╭─ Data extract

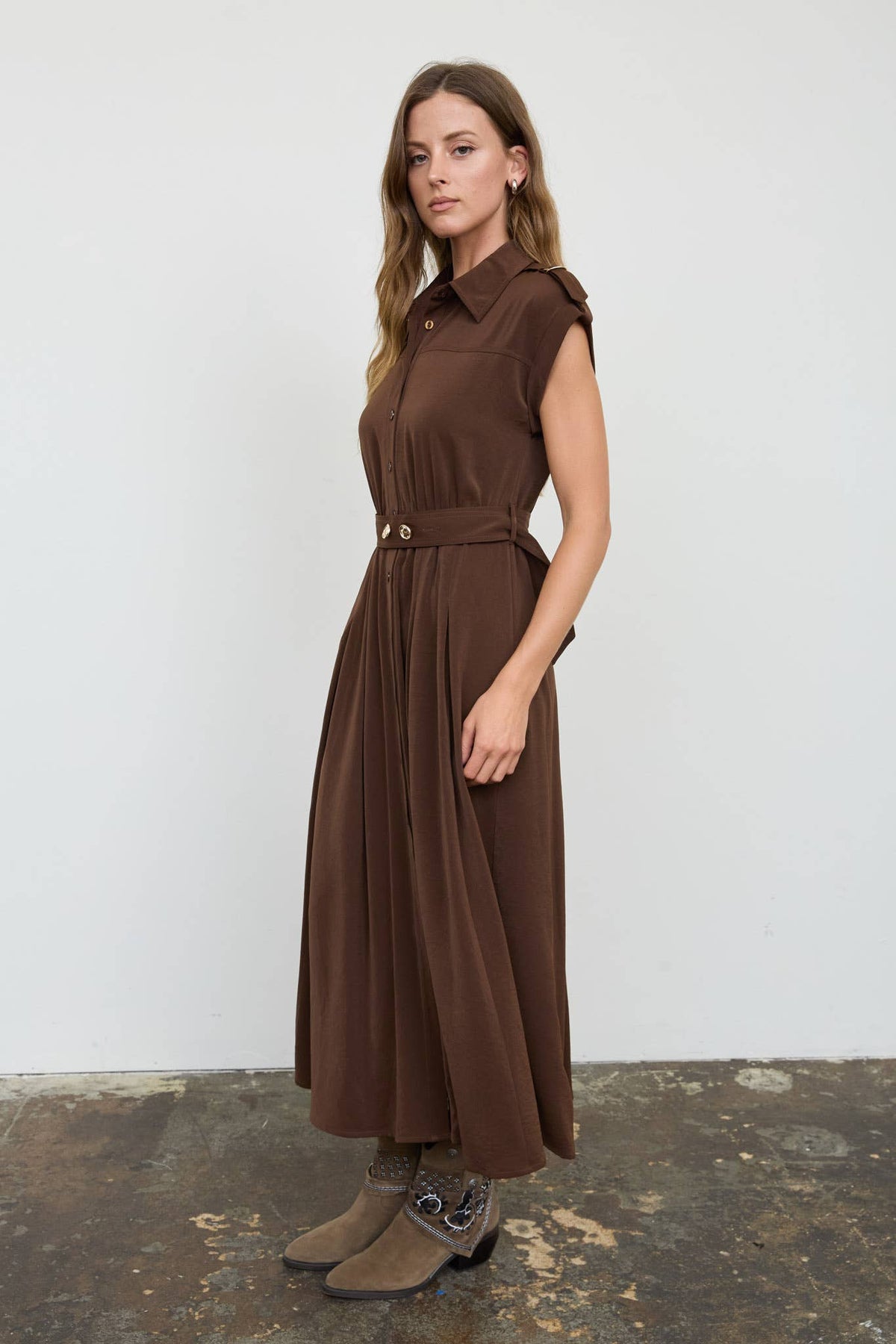 Nelle Belted Buttondown Brown Midi Dress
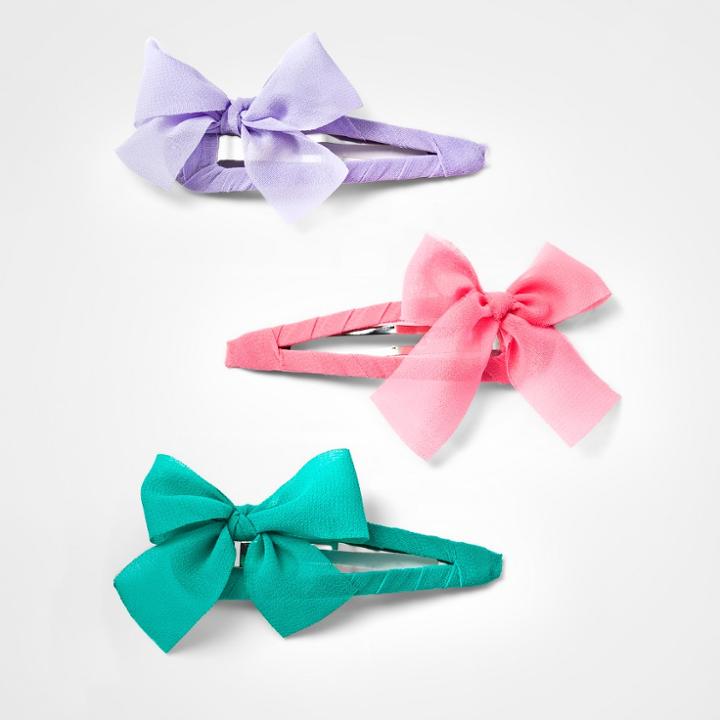 Girls' 3pk Fabric Wrapped Bow Snap Clips - Cat & Jack,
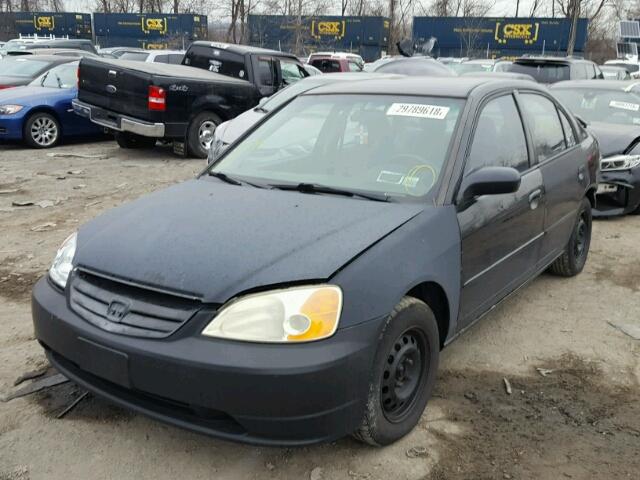 2HGES16513H547188 - 2003 HONDA CIVIC LX BLACK photo 2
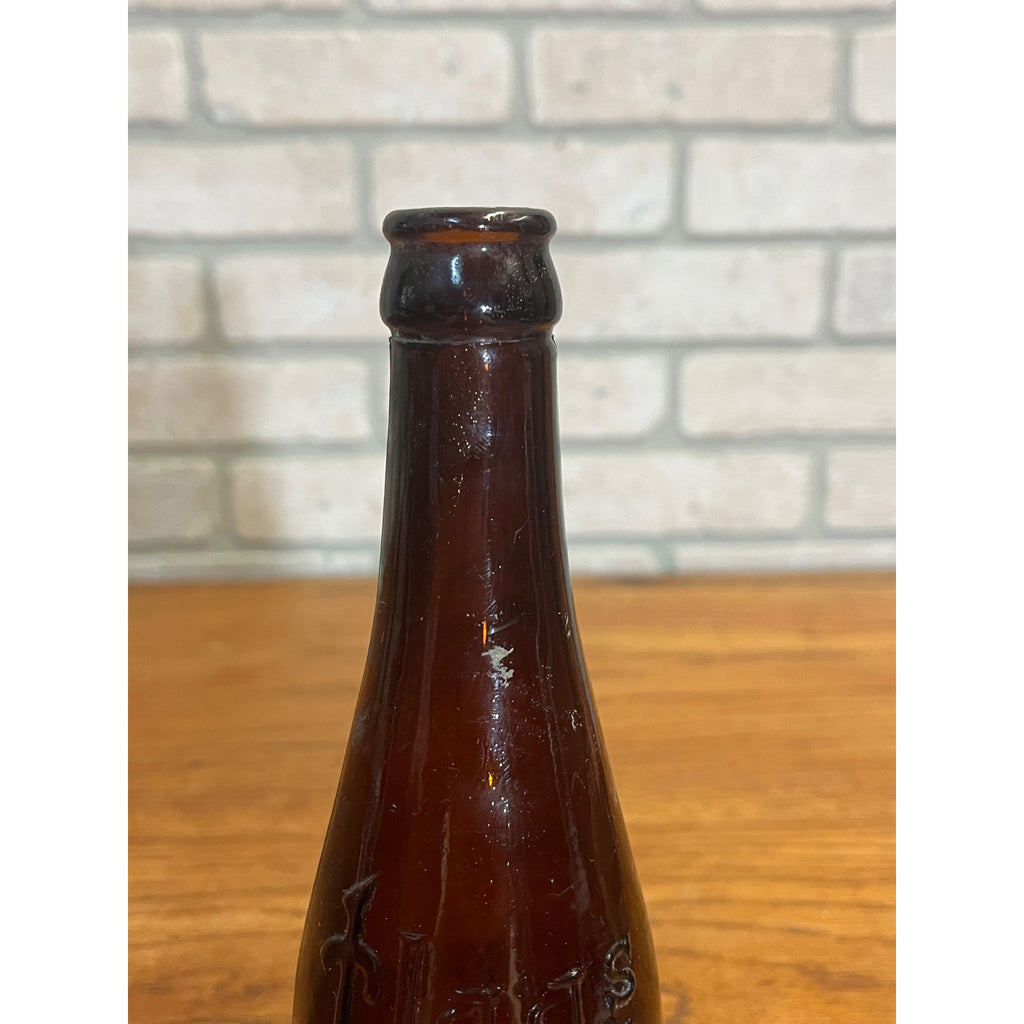 Vintage John Haas Brewing Co. Embossed Beer Bottle Ripon Wisconsin Amber Glass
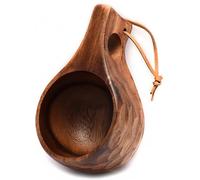 JINYOMFLY Wooden Cup, Handmade Wood Coffee Mug with Leather Lanyard, Portable Handmade Wooden Mug for Coffee, Tea, Milk, Backpack, Camping, Hiking, Kitchen, Outdoors Or A Gift (Tortoiseshell)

╰─

*What is required*
Copy exactly the lines that run from the line containing "Vintage John Haas" to the end of the data above, keeping both end lines and leaving out all pictures.

*Result of this exercise*
 Vintage John Haas Brewing Co. Embossed Beer Bottle Ripon Wisconsin Amber Glass
 JINYOMFLY Wooden Cup, Handmade Wood Coffee Mug with Leather Lanyard, Portable Handmade Wooden Mug for Coffee, Tea, Milk, Backpack, Camping, Hiking, Kitchen, Outdoors Or A Gift (Tortoiseshell)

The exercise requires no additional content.